The Tip Desk

American Electric Power streamlines Texas generation as capex rises

The holding company completed its exit from the Texas generation business while expanding capital liabilities across its Ohio and Texas subsidiaries.

American Electric Power (AEP) managed a structural shift in its generation footprint and a rise in short-term construction liabilities across its multi-state system in 2024. The company operates a broad network of subsidiaries spanning Virginia, West Virginia, Tennessee, Indiana, Michigan, Kentucky, Ohio, Oklahoma, Arkansas, Louisiana, and Texas.

Regulatory recovery for the group relies heavily on FERC-regulated formula rate mechanisms for wholesale power supply contracts, which the company trues-up to actual costs annually. In Oklahoma, Public Service Company of Oklahoma (OK) maintained extensive formula rate filings under docket ER18-195-000 to update SPP OATT Attachment H-4 through 2024.

Capital expenditures saw a notable uptick in accrued liabilities. AEP Texas (TX) construction expenditures included in current and accrued liabilities rose to $266.0 million in 2024, up from $112.2 million in 2023. Ohio Power Company (OH) saw a similar trend, with its construction expenditures in current and accrued liabilities increasing to $157.9 million from $97.7 million in the prior year.

The company continued to refine its generation mix, most notably in Texas. AEP Texas completed the final stage of its exit from the generation business per state restructuring legislation, transferring remaining non-deactivated capacity to an affiliate and ceasing to serve retail load. Meanwhile, AEP Generating Company (IN) solidified its position at the Rockport Plant, where it co-owns Unit 1 with Indiana Michigan Power Company (IN) and holds 100% ownership of Unit 2 following a December 2022 acquisition.

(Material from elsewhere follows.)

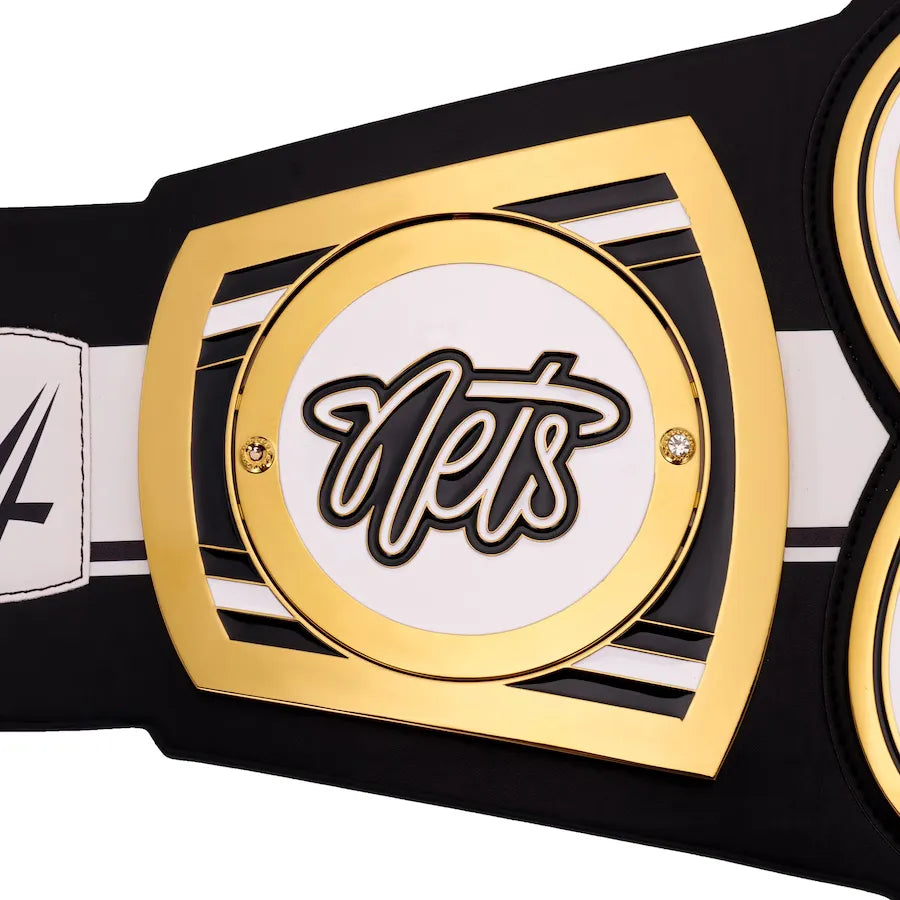 wwe-brooklyn-nets-nba-legacy-championship-title-belt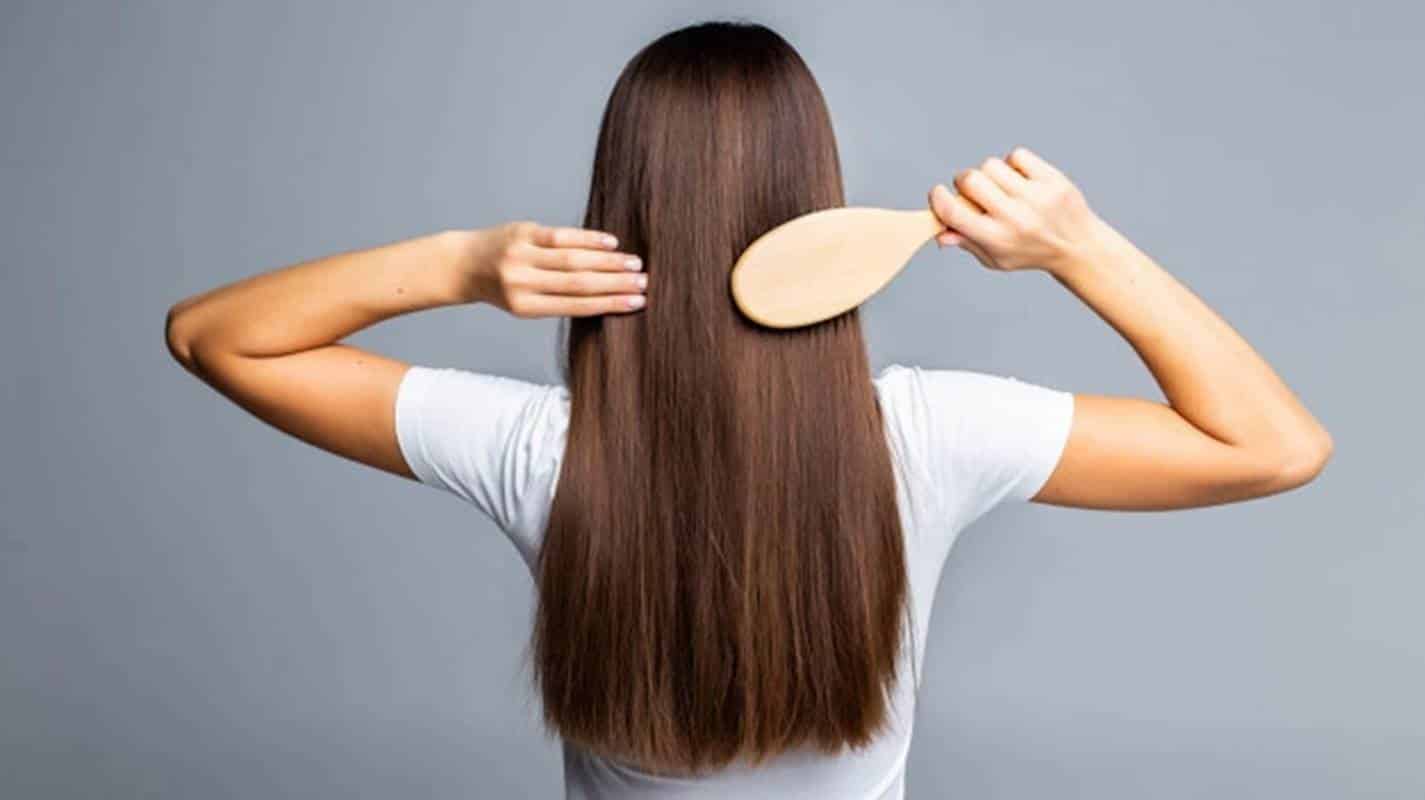 Siga 4 etapas para aumentar o comprimento do seu cabelo rapidamente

Revenue streams remain concentrated among a few large entities in specific markets. A single industrial customer, Marathon Petroleum Company, accounted for 15% of Kentucky Power Company's (KY) total revenues in 2024. In the Texas market, AEP Texas remains dependent on Retail Electric Providers, with NRG Energy and TXU Energy combining for 42% of its operating revenues.

Operational liquidity is managed through AEP Credit, which performs daily factoring of accounts receivable for multiple subsidiaries to mitigate credit risk. To meet Ohio's renewable portfolio standards, Ohio Power utilized an inventory model to manage its Renewable Energy Credits. In Texas, the company employed securitization for transition and restoration funding through three dedicated wholly-owned subsidiaries.

American Electric Power continues to navigate the transition from traditional generation to a transmission-heavy posture in Texas while managing concentrated industrial revenue risks in the Appalachian region.